In my last post, I shared the reasons why Patrick Hogan–President of CMB Export–decided to create a regional center in California. One of those reasons was that California is considered a “destination” and a desirable place to live within the United States. Having lived in California nearly all my life, it’s pretty clear to me why this is so.
For one, there is no such thing as an “average Californian.” California also has the largest Asian population in the United States—5 million as of July 1, 2006—just over a quarter of whom are Chinese, the state’s biggest Asian minority.
California also boasts some of the most prestigious colleges and universities in the world, including Stanford, UC Berkeley, UC San Diego, UCLA and others. There’s also far more to choose from: nearly 400 colleges, the most of any state.
California includes an amazing array of climate types and geographical features. California is also one of only a small handful of places in the world that have a Mediterranean climate, similar to those countries on the coast of the Mediterranean Sea.

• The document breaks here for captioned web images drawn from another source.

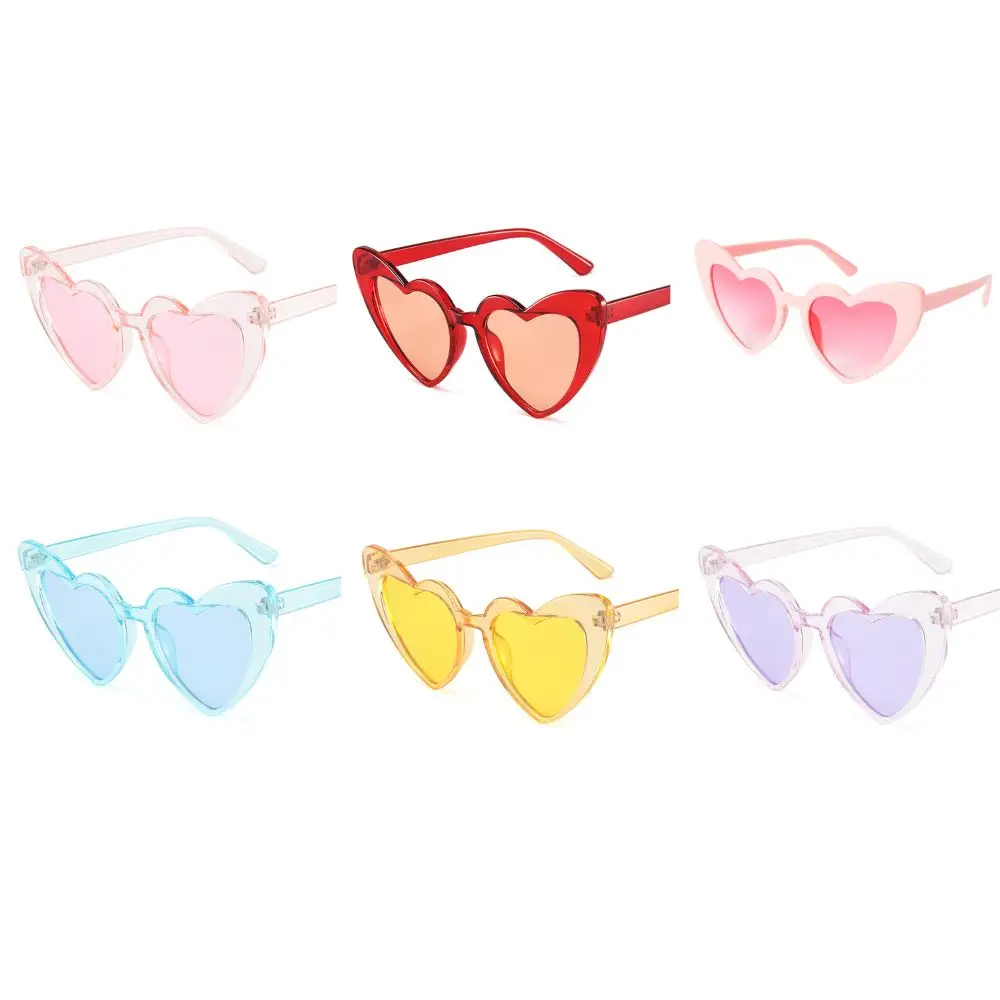 Heart Lenses Sunglasses UV400 Protection Retro Fashion Women Love Heart Sun Glasses Clear Lens Women Party Driving Sun Glasses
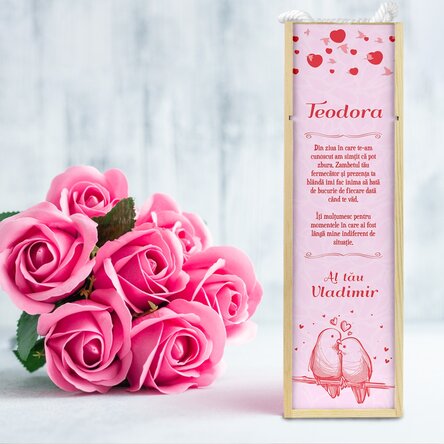 Cutie de vin personalizată cu text pentru cupluri - Iubire
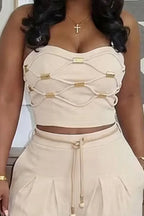 Women's Metallic Strapless Commuter Top Or Wide Leg Trousers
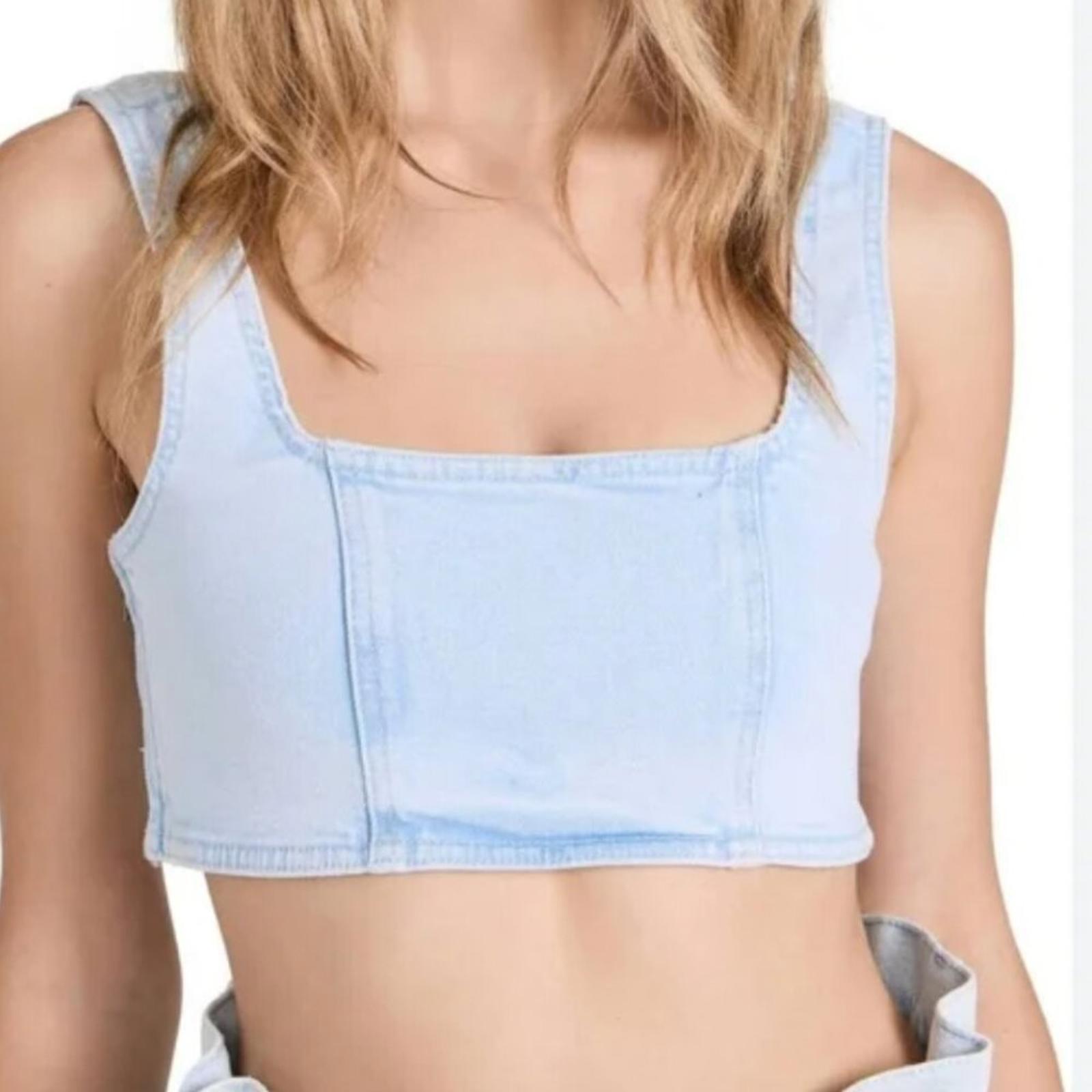 Good American Light Wash Denim Bralette Top Size 3 /Large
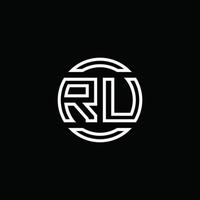monogramma logo ru con modello di design arrotondato cerchio spazio negativo vettore
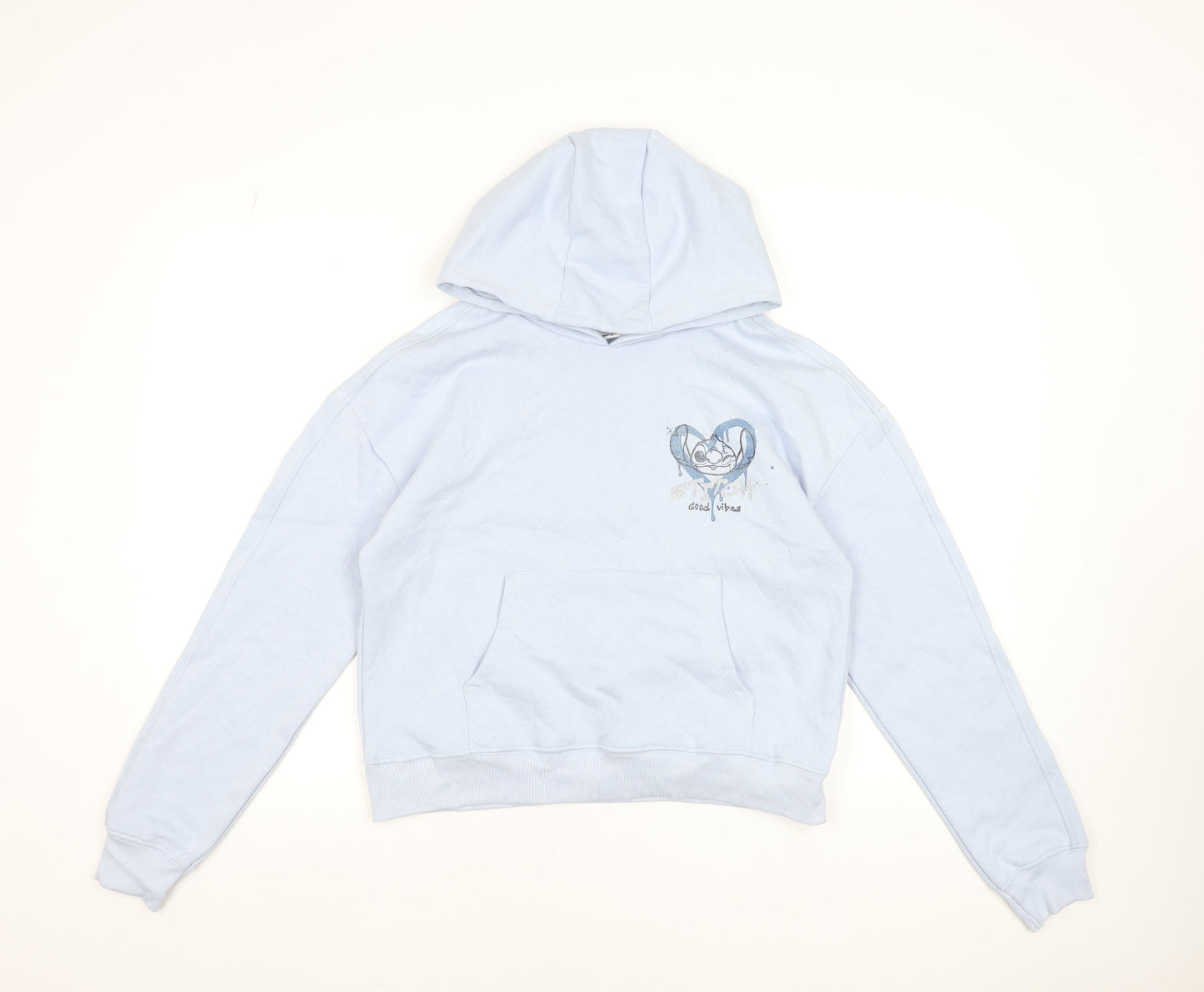 George Girls Blue Stitch Hoodie 13-14 Years Pullover Graphic Sweatshirt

California has an enormously productive and diverse economy. Though estimates vary, California—if it were a nation of its own—would have one of the 10 largest economies in the world. Of course, it is also the home of Hollywood, the world’s epicenter of film and television. And the high tech “Silicon Valley,” located in Southern California, is the nation’s leading producer of computer hardware and software.
For all its richness, it’s no wonder that aspiring immigrants to the United States regard California as one of the most desirable places to live.